After coughing, swinging my handbag around, yawning, shifting my weight from foot to foot, sighing and tugging at his sleeve, I give up and leave them to it.  The cream convertible Citroën 2CV  is waiting at the entrance of the hotel. I jump in, sit in the passenger seat and apply my garish coral lipstick, attempting to wait patiently for Simon, like so many other wives I’ve seen. Five minutes tick by v-e-r-y s-l-o-w-l-y and that’s it, I’ve had enough. I go to round up my husband again.

And he’s still talking to the bloody owner! But now he’s got a glass in hand too. That’ll take at least another half an hour and I want to GO!  I march up to Simon, my flashing eyes hidden behind my aviators, my floral skirt billowing in the breeze.  I absorb the scene before shooting my mouth off.  The signore speaks first.

Hotel Manager: “Simon was telling me about his Lady Jane Hamiltons when he was stung by a wasp.”

Me: “They smell amazing. (To Si) What is it with us and the local wildlife?” I say scratching the mosquito welts on my arms and resisting the ones on my bottom that are now begging for a quick scratch.

Si takes his middle finger out of the glass of ice cubes and sticks it up at me. “Ow.” He says putting it back in the ice.

“It’s just a sting love,” I say, echoing the Yorkshire nurse in Swindon hospital the day before our wedding. I had zero sympathy from Simon, only jokes about my fat hand and that he had special exercises to bring down the swelling down.  I thank the hotel owner again for the loan of his car and drag Si off, with the ice.

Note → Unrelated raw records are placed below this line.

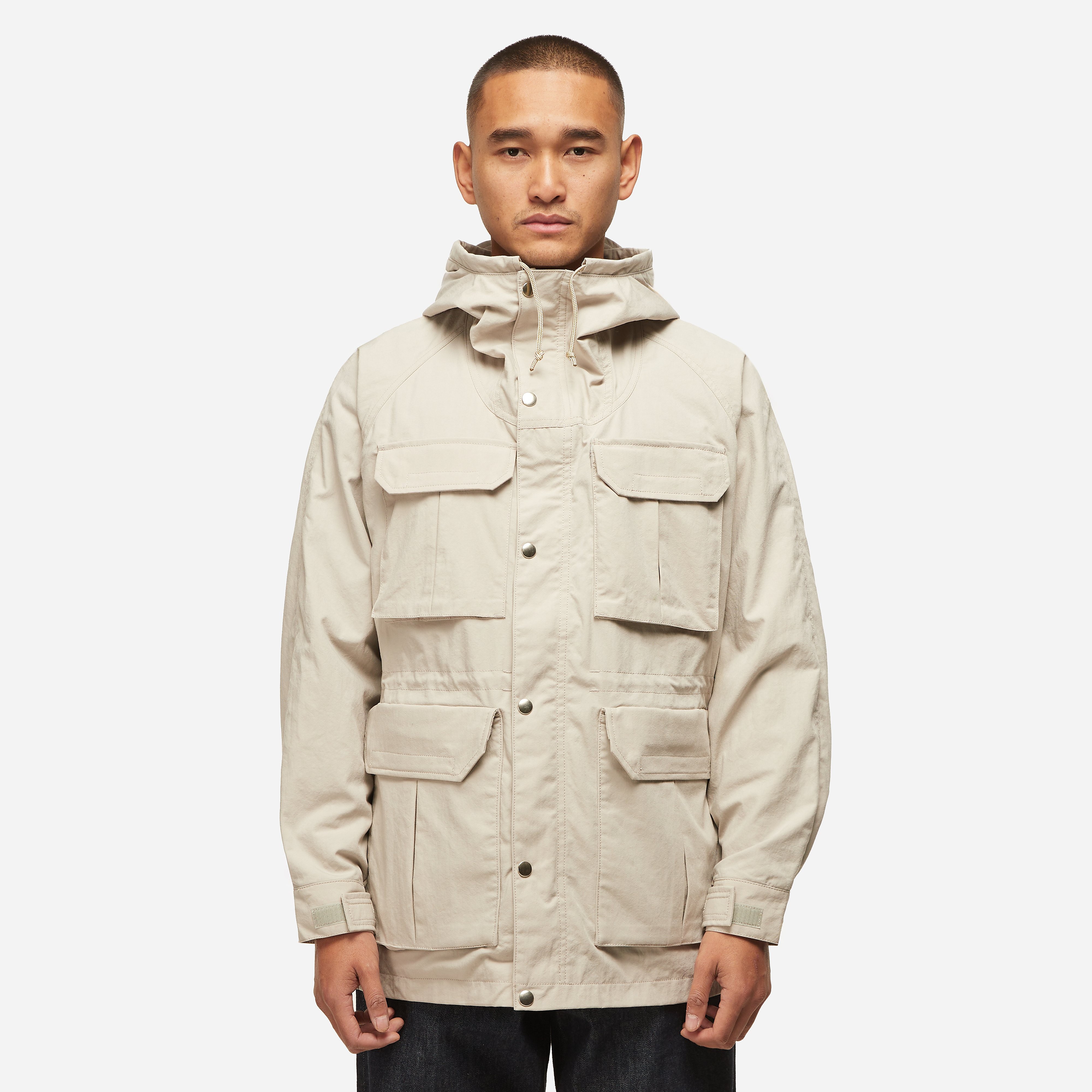 Beams Plus Nylon Oxford Mountain Parka, Beige - Curated Menswear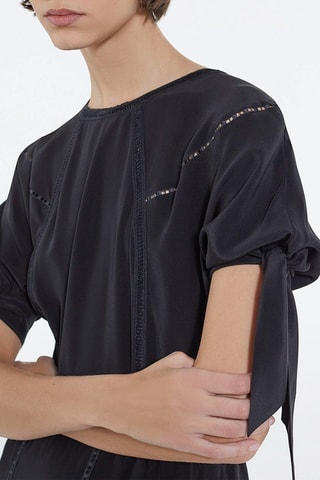 Robe patineuse en soie - Noir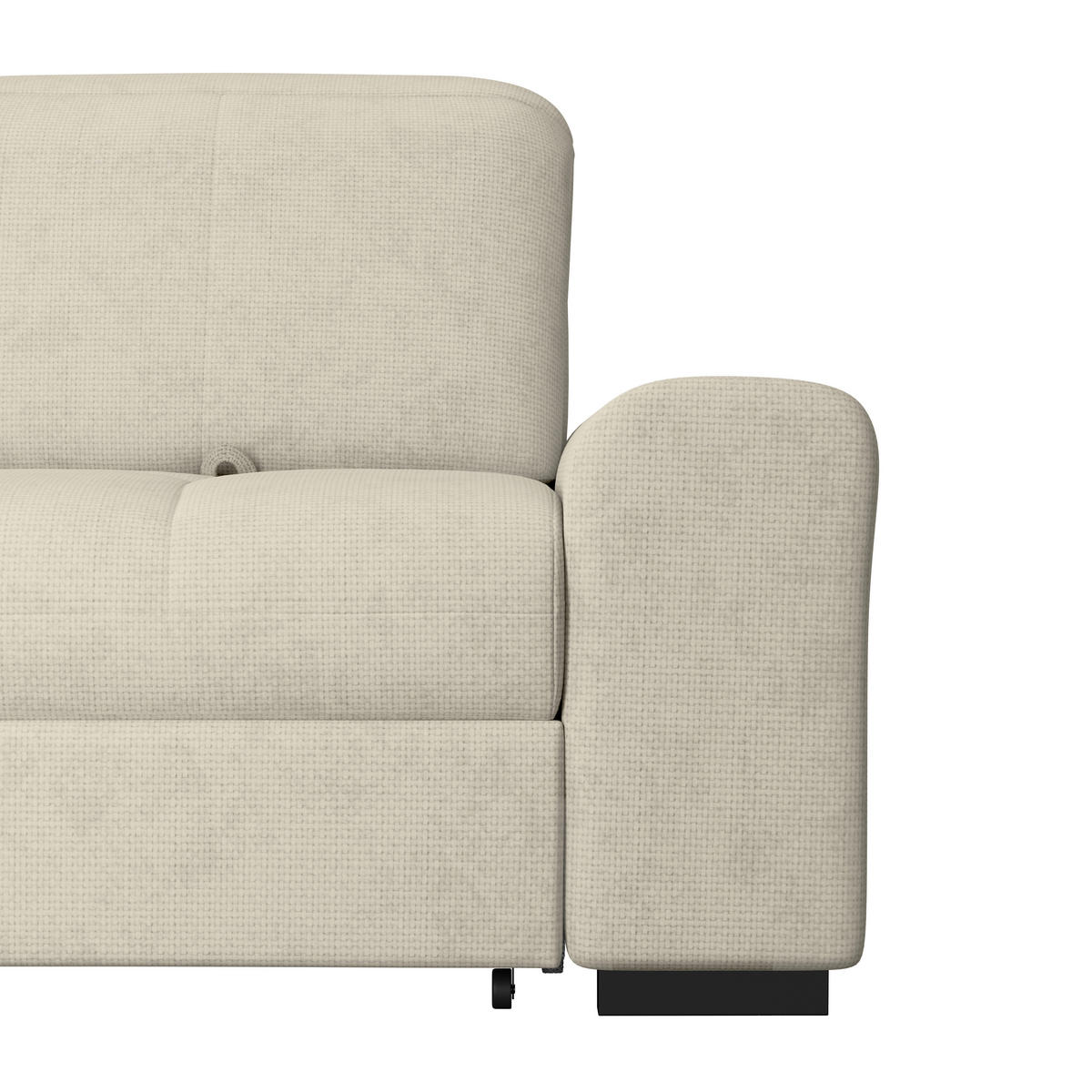 ECKSOFA Beige Chenille Rücken echt, Kopfteilverstellung  - Beige/Schwarz, KONVENTIONELL, Holz/Textil (203/286cm) - MID.YOU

We walk past the saltwater infinity pool overlooking the bay and the town below. He tried to take my hand as we cross under the bougainvillaea arbours to the grand staircase. We descend linking arms. “Hold my hand,” he says. But I don’t want to because it hurts my shoulder because he’s shorter than me.

“I don’t want you to drag my knuckles on the ground,” I say grinning.

Si: “You are so bloody rude.”

“Thank you,” I say, infuriating him more by taking it as a compliment.

Our 2CV chariot with HOTEL POSEIDON emblazoned across the doors is now blocked in by a taxi and several abandoned cars; Piaggios squeeze past and a coach honks angrily.

Si still insists on driving in spite of his sting and five minutes later after more honking horns, lots of Italians shouting at each other, we are away.  The breeze, the freedom, no tots wailing in the back, just us on the Italian coast. Bliss. The cerulean sea on our right, the opulent villas in the hills on our left and the crazy Italian drivers all around, we grin at each other like lobotomized goons. THIS IS THE LIFE.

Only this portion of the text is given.